IHRAM.CO.ID, JAKARTA -- Ketua Komnas Haji dan Umrah Mustolih Siradj meminta Kementerian Agaman (Kemenag) menjelaskan bagaimana ketentuan hukum Islam ketika dana jamaah haji waiting list digunakan untuk mensubsidi jamaah haji yang berangkat tahun ini. Penjelasan dari Kemenag diperlukan untuk menjawab keraguan dalam penggunaan dana optimalisasi haji oleh jamaah haji yang diberangkatkan tahun ini.
“Secara hukum Islam perlu dilihat masalah ini. Apakah boleh kemudian jamaah haji yang berangkat tahun ini disubsidi oleh jamaah haji daftar tunggu, bagaimana ketentuan hukum Islamnya,” kata Mostolih saat dihubungi Republika.co.id, Rabu (6/2).
Untuk itu Mustolih menyarankan, dalam menggunakan ketentuan Istitaah, Kemenag tidak menggunakannya untuk mendapatkan calon jamaah haji (calhaj) mampu secara kesehatan. Akan tetapi, istithaah juga harus menjadi ukuran jamaah mampu secara finansial. “Padahal ada syarat Itithaah kemampuan finansial dan kemampuan secara kesehatan,” katanya.
Menurut Mustolih, penetapan besaran BPIH yang telah ditentukan Kemenag dan DPR sebesar Rp 35,2 juta saat ini menjadi masalah bagi Badan Pengelolaan Keuangan Haji (BPKH) sebagai badan yang diberikan kewenangan mengelola dana haji seperti yang diatur Undang-Undang Nomor 34 Tahun 2014 tentang Pengeloaan Keuangan Haji.
Sesungguhnya, jika melihat satuan komponen penyelenggaraan haji 2019 ini besaran biaya penyelenggaraan haji realistisnya sebesar Rp 50 juta sampai 60 juta, bukan Rp 35,2. Karena Rp 35,2 itu yang sudah diberikan subsidi sekitar Rp 15 juta dari dana akumulasi jamaah haji waiting list.
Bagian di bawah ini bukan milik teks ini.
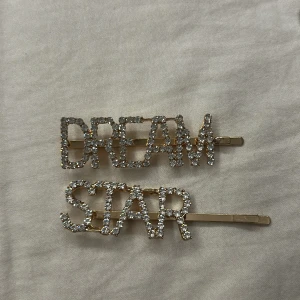 Glittriga hårspännen med text - Två snygga hårspännen i guld med glittrande stenar som bildar orden DREAM och STAR. Perfekta för att ge frisyren extra bling och attityd. Bokstäverna är täckta av gnistrande stenar som verkligen fångar ljuset.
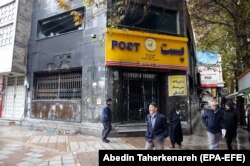 Iranians walk past next to a post office that was burned and destroyed during the protests in the city of Shahriar, Alborz province, November 20, 2019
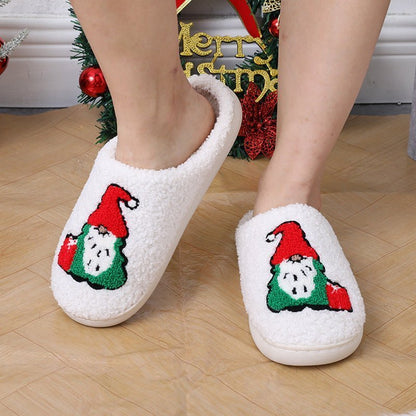 Chaussons de Noël Doudounea blancs douillets avec motif lutin festif, photographiés devant un décor de Noël avec des ornements rouges et verts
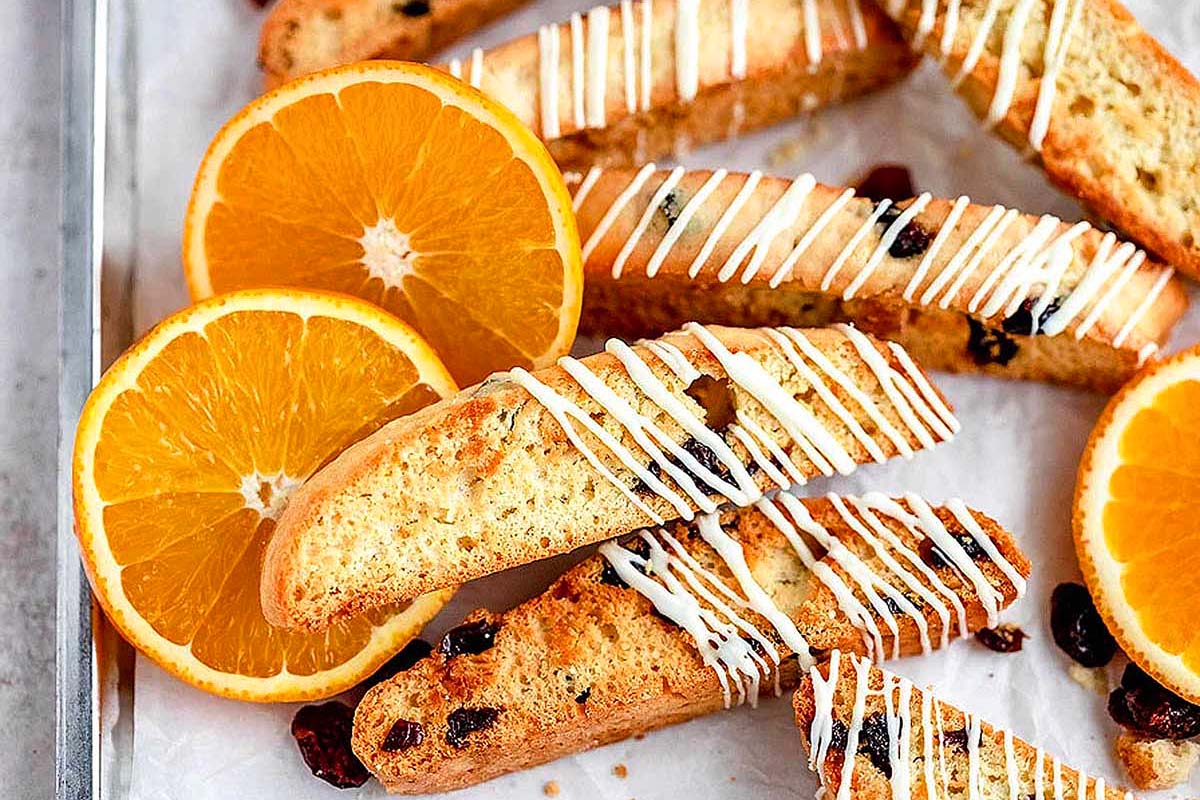 Cranberry orange biscotti drizzled with icing.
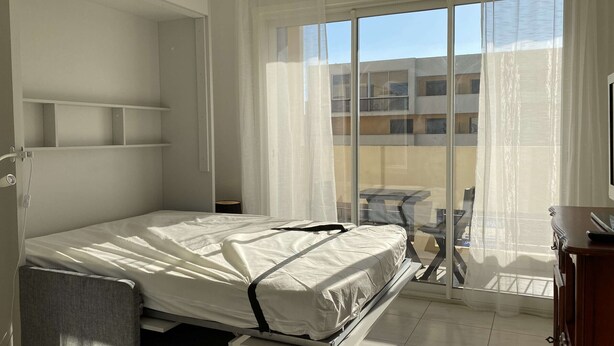 Une chambre à coucher comprenant un lit, une petite table, une chaise, une armoire et une porte-fenêtre coulissante donnant sur un balcon.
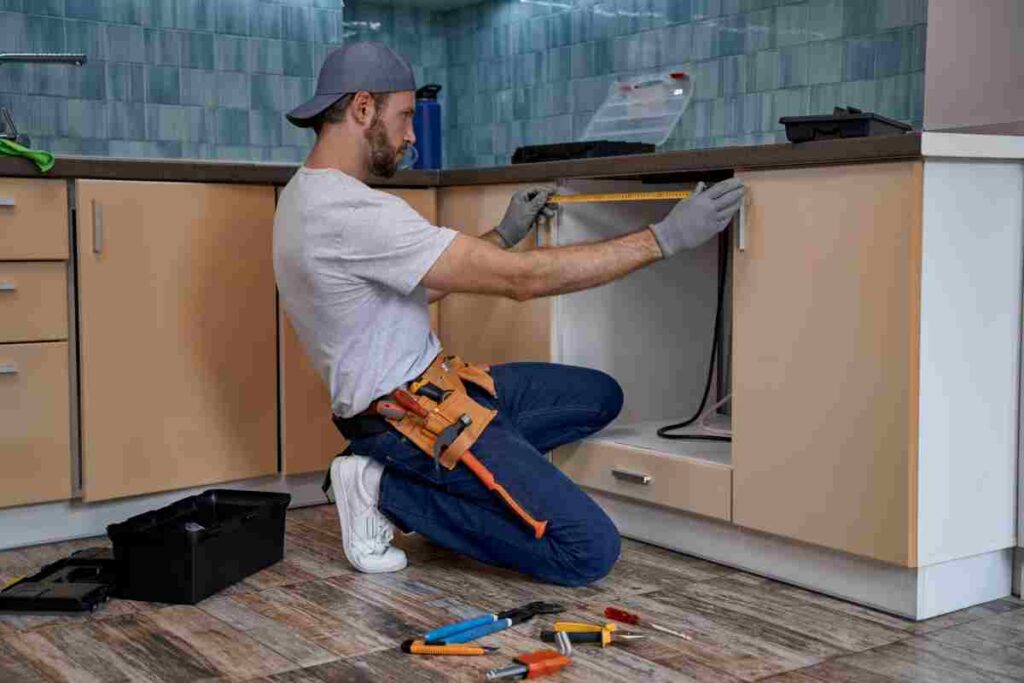 repairman measuring size of kitchen drawer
“Bisa di breakdown bahwa postur kebutuhan jamaah haji perorangan itu bisa menyentuh angka Rp 50 juta sampai Rp 60 juta,” katanya.
Mustolih mengatakan, besaran BPIH yang telah ditentukan DPR dan Kemenag sebesar Rp 35,2 juta, jika menggunakan angka Rp 50 juta perjamaah, maka setiap jamaah disubsidi oleh jamaah waiting list sebesar Rp 15 juta. “Jadi 15 juta dikali 210 ribu orang nilainya sangat besar dan ini menjadi problem,” katanya.
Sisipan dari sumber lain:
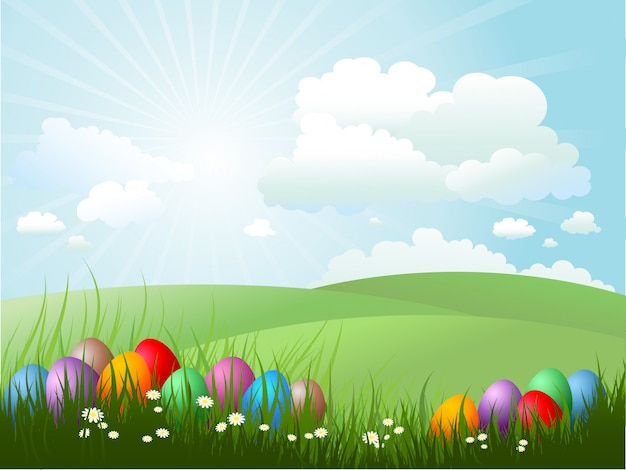 Easter eggs in grass on a sunny day | Free Vector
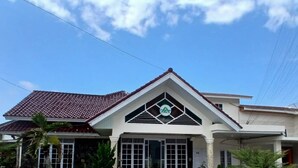 A house with a red-tiled roof, a central entrance with a geometric design, and a satellite dish on the roof. - RPCC D'Homestay (Rantauprapat)
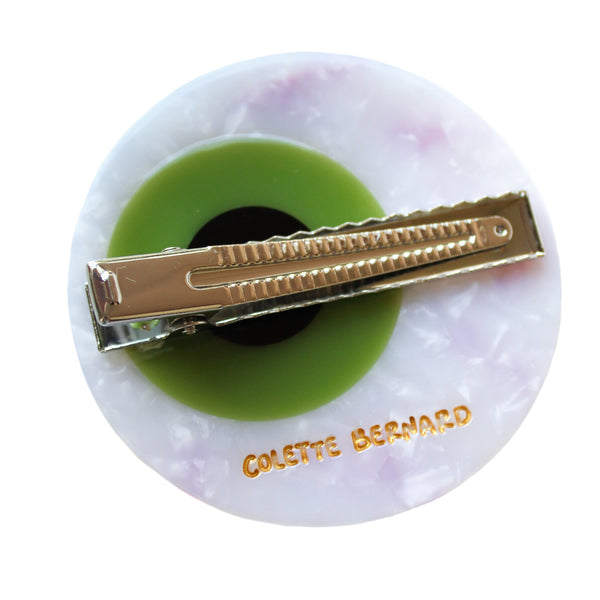 eyeball shaped hair clip with a white marbled white, red carved bloodshot details, a bright light green iris, and a black pupil in the center, on a white background. Shown from back, displaying silver metal alligator style clip and gold branding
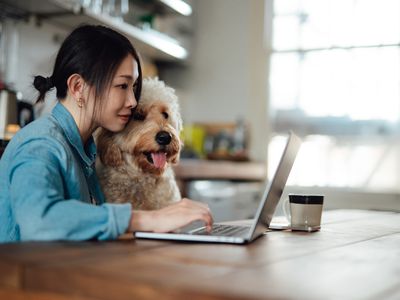 Worker at home with dog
Menurut dia banyak masalah lain yang perlu dicermati DPR dan Pemerintah. Salah satu di antarnya yang perlu dicermati adalah terkait penetapan BPIH lebih awal yang rawan perubahan-perubahan komponen penyelenggaraan haji.
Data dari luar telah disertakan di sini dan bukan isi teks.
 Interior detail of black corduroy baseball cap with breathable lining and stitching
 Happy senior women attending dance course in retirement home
Apalagi kata dia, penyelenggaraan haji masih empat bulan lagi batas waktunya. Sehingga waktu yang masih relatif panjang itu bisa berubah, ketika kurs dolar terhadapan rupiah naik yang dapat menguras habis dana optimalisasi. “Kalau misalnya ada kenaikan avtur bahan bakar pesawat yang menggunakan dolar sewaktu-waktu bisa naik, karena 60 persen untuk penyelenggaraan haji itu tersedot untuk biaya transportasi udara dalam hal ini pesawat,” katanya.
Untuk itu pemerintah disarankan segera mengantisipasi dan mencarikan soluasinya. Misalnya, bagaimana jika beberapa komponen dalam penyelenggataan haji tiba-tiba ada perubahan. Karena pada akhirnya ini bisa merugikan jamaah daftar haji tunggu.